I continue to be rubbish with two things:

  1. Writing about anything but PAX on this blog
  2. Planning for PAX more than 24 hours before it starts

This year, as last year, we have passes for all four days, so we set out to take it relatively easy so that we survive the entire weekend. And yet, as I write this, a couple of hours after getting home from the first day of the convention, I can barely keep my eyes open.

As usual, we were out of the house by 7(ish) to drop off the dog at his pet sitter for the weekend. Traffic for a Friday morning into Seattle was unusually light and soon we were standing in an interminable line. At a Starbucks. This year’s themed drinks were Portal related: the GLaDOS and the Cake. The GLaDOS wasn’t my kind of thing (white mocha with some chunks of things with something drizzled on it) and I can only assume that if I tried to order the Cake (something involving matcha) the barista would inform me that it is, in fact, a lie. So I ordered a nitro cold brew. My brother and I split from my wife and we headed to Benaroya to wait for the Storytime.

The ‘keynote’ of PAX has evolved over the years. Back when I started going, it was a single person, at a podium, delivering a prepared speech that was part autobiography and part rallying cry for the geeks in the audience. Then last year (maybe the year before?) they transitioned the keynote event into Storytime. There are a pair of chairs on the stage. Jerry ‘Tycho Brahe’ Holkins sits in one. A gaming luminary sits in the other. Jerry interviews the luminary, usually to comedic effect. It’s a great format and I think that it opens it up for people who aren’t really “solo rallying cry” sorts of people, but who have really interesting stories to tell.

This year’s luminary was Luke Smith, design lead for Destiny and design directory for Destiny 2. I really enjoyed his insights and his ability to laugh off Jerry’s bullshit. Sometimes when Jerry conducts an interview, he holds the interviewee in reverence the whole time. Which, let’s face it, these interviewees totally deserve. But some of Jerry’s funniest repartee comes from savaging someone, in a good-natured way of course. The dynamic played to this strength. I’ve never really gotten into Destiny, but I left the Storytime feeling really good.

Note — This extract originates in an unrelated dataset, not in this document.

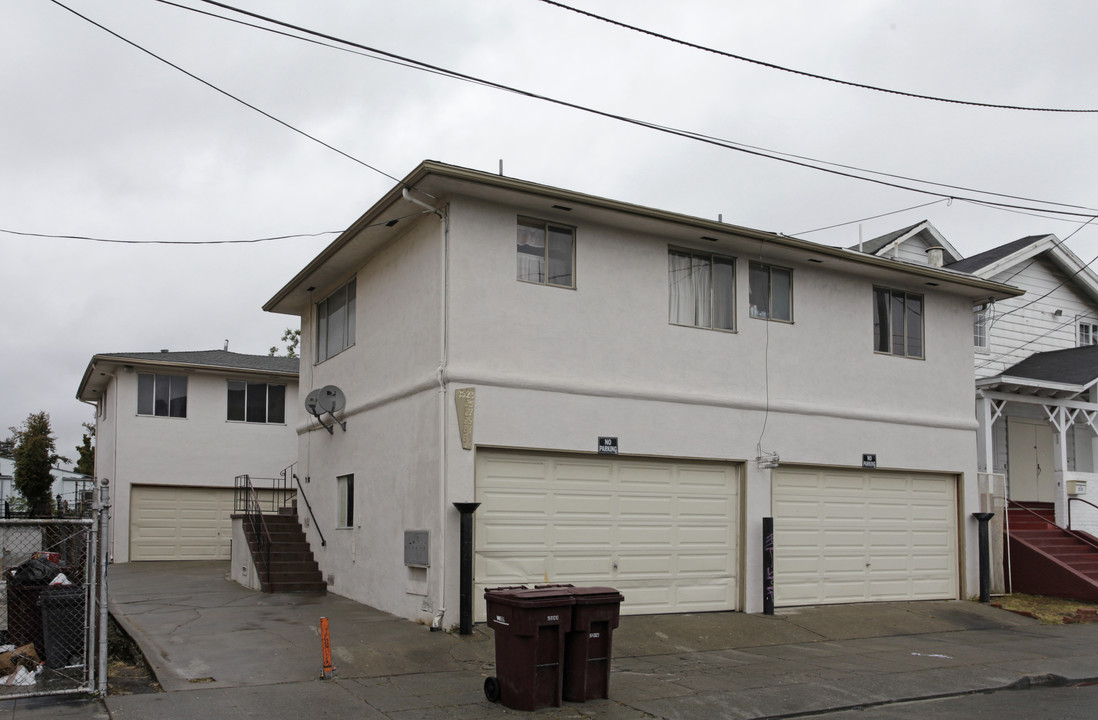 2523-2533 Mason St in Oakland, CA - Building Photo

Then the music hit and out came Jerry (again) and Mike ‘John “Gabe” Gabriel’ Krahulik to answer questions. I’ve mentioned it before, but the Q&As are another format that the PAX folks have refined over the years. They used to set up mics and let audience members ask questions. But this tended to create cringe-inducing situations on the regular. Now all of the questions are vetted beforehand and they read them off of cards. It removes some of the spontaneity, but more than makes up for it by keeping the whole business on track. This year’s topics ranged here and there, with a reveal about next year’s PAX East being four days long, and ending with a bittersweet question about parenting.

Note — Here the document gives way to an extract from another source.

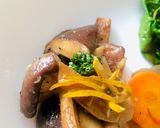 しいたけとエリンギのレモンバター醤油炒め作り方5写真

Back outside, blinking in the sun, and we were off to lunch. We have only a very small handful of lunch places that we generally go to. Today we went with Gordon Biersch. Yeah, it’s a chain, when there’s so much good, local food within walking distance. But we know it well, the food is good, and the beer is good. After lunch, we stopped by the Child’s Play Charity Beer Garden. I think it’s a great idea. Even better, they got local brewery Old Stove Brewing to brew a special beer for the event. The beer was very good. It’s a ‘hoppy brown’ called Zagernezzer, after an ale in the Acquisitions, Inc. Holiday Special. The location, unfortunately, was a little rough. It was in a parking lot that was a mere block from the convention center, but it was hidden behind a loud (searing both the ears and the eyes) Monster Energy Drink Extreme Energy Truck (or whatever…). So it was tough to find and, once found, was kinda noisy. There were also only a few seats under an easy-up and the rest were in direct parking lot sun. It’s clear that they are floating the idea–probably to determine if there’s sufficient interest and if people can control themselves and not drunkenly brawl into the streets of Seattle–so I hope that it catches on and upgrades to nicer digs next year.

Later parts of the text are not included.